Arts

Murder most fun in lively revival of ‘The Mousetrap’ at CNY Playhouse

Jennie Russo, Keith Arlington and Alyssa Otoski-Keim in Central New York Playhouse's "The Mousetrap." (Provided by Amelia Beamish)

There’ll be none of that “Shh-shh, don’t tell” business. Under Dan Stevens’ direction, the cast of Agatha Christie’s The Mousetrap (through Sept. 22 at Central New York Playhouse) dispenses with the post-curtain admonition that we not give away the identity of the culprit in the still-startling twist ending.

As the drama opened in London nearly 66 years ago and has run through more than 25,000 performances, nearly everybody knows whodunit going in.
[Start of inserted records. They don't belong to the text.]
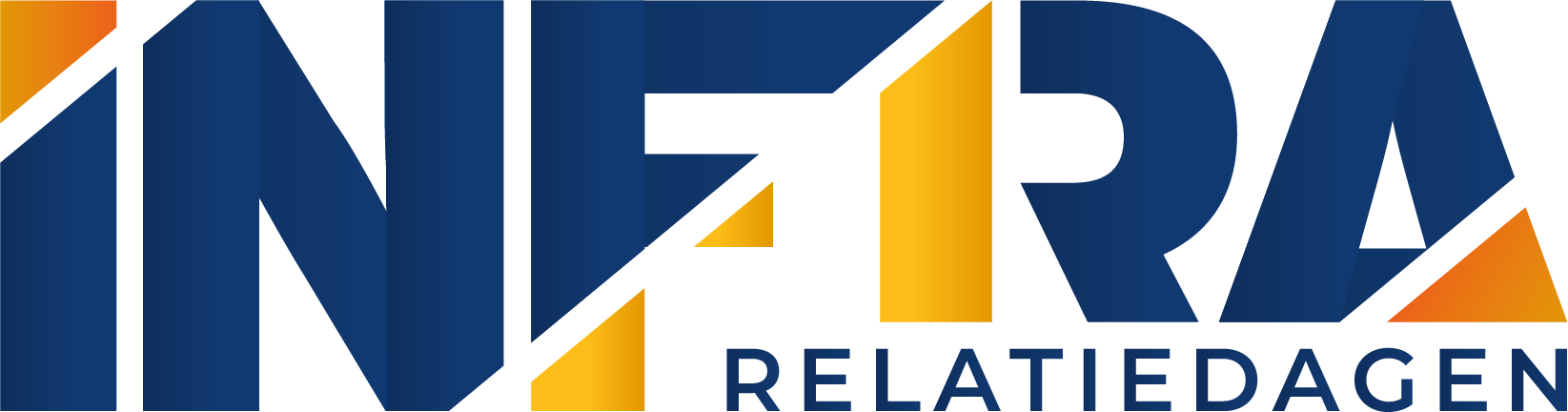Logo van InfrA Relatiedagen in blauw en oranje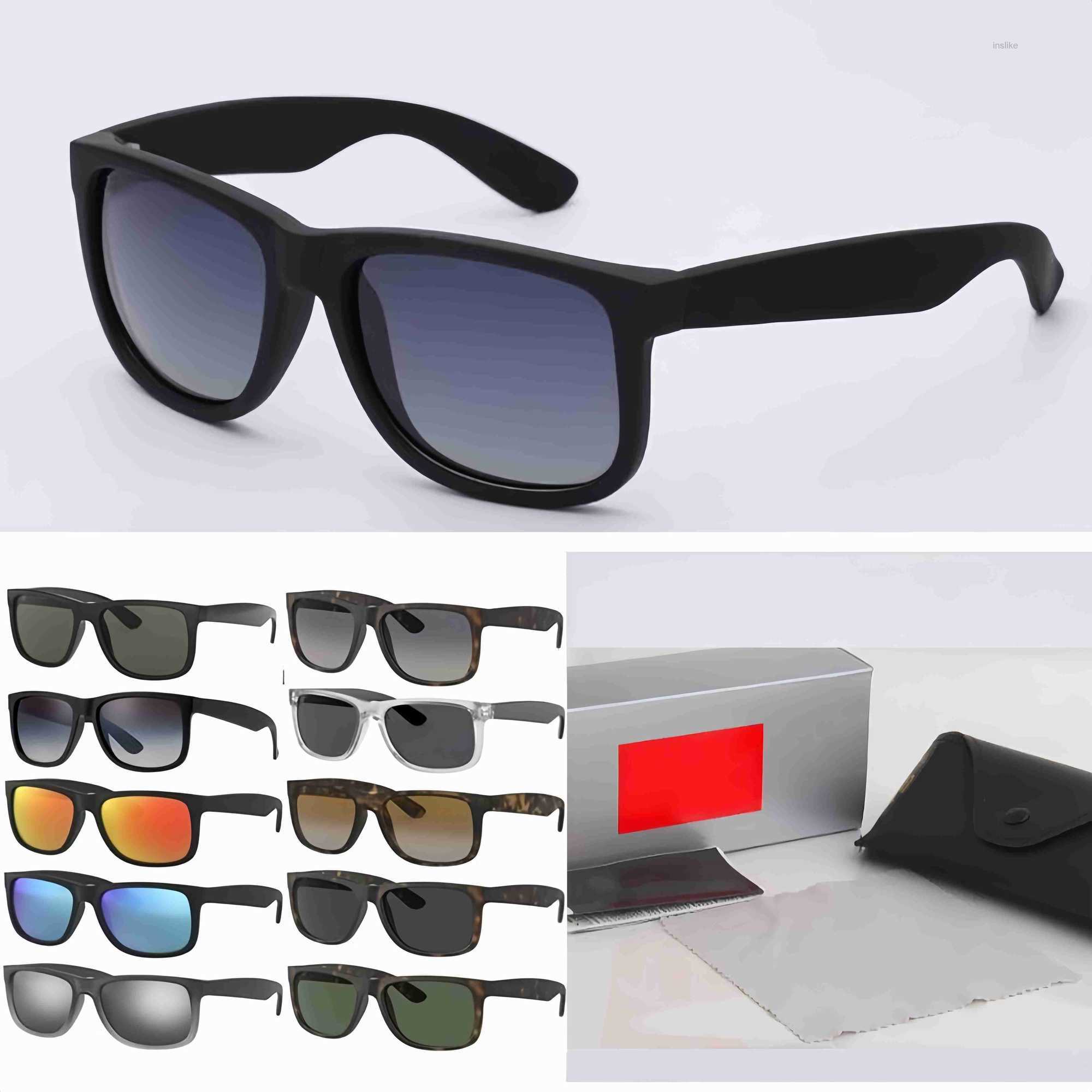Sunglasses Designer Sunglasses JUSTIN 4165 Polarized Men Women Sunglasses Nylon Frame Sun Glasses with leather box Accessories Lunette De Soleil Homme Gift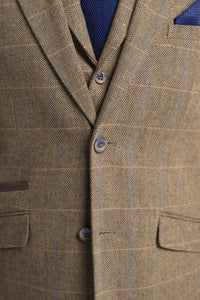 Cavani Albert - Herre Sildebensmønster Tweed Ternet 3-delt Suit - Tan Brun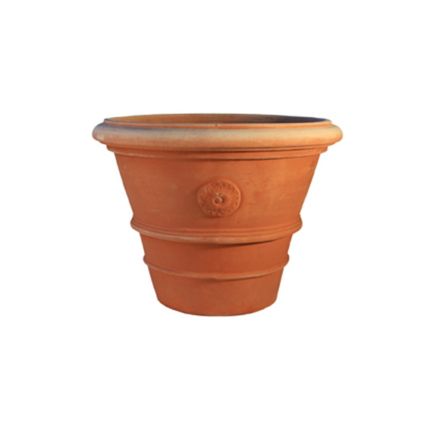 Impruneta Terracotta, runder Pflanztopf mit Rosetten, Ø 60 × H 44 cm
No matter. Knowing who the killer is in director Alfred Hitchcock’s Psycho does not stop people from watching it again. There are so many other things to amuse us along the way.

Dame Agatha was nearing 62 and at the height of her powers when The Mousetrap opened in 1952. Her gift for plotting had long since proven adaptable for the stage, as she knew from Ten Little Indians, originally a novel. In The Mousetrap she abbreviates the number of suspects to a more manageable five (or maybe seven). And she becomes more of an actor’s friend, giving performers more strutting to do than was required of characters lifted off the page. Most Christie characters are suspicious, probably hiding something, but in The Mousetrap several characters are nearly walking vaudeville acts, just in the exposition.

The setting is Monkswell Manor, a guesthouse in Berkshire (pronounced “BARK-shur”), newly open for business. The wife and husband team of Mollie (Jennie Russo) and Giles Ralston (Jack Carr) are running the place themselves. With post-war austerity still in place, they suffer from rationing and there’s not enough money to hire extra help. That also means no maids or butlers to eavesdrop, tightening the action. Because of heavy snow, the roads have become impassable and somehow (wait for it), the telephone line is down.

In a teasing opening scene, a vintage Bakelite radio announces that a woman in London has been murdered and a man seen fleeing from the scene is dressed a bit like, ahem, Giles. The husband and wife are initially seen as bland as possible, but we learn that they have been married only a year, with some questions about what they might have been doing before that. Director Stevens has prudently cast two players beyond the bloom of youth in these roles. Jennie Russo, in many ways the center of the action, skillfully plays Mollie as a person capable of holding secrets.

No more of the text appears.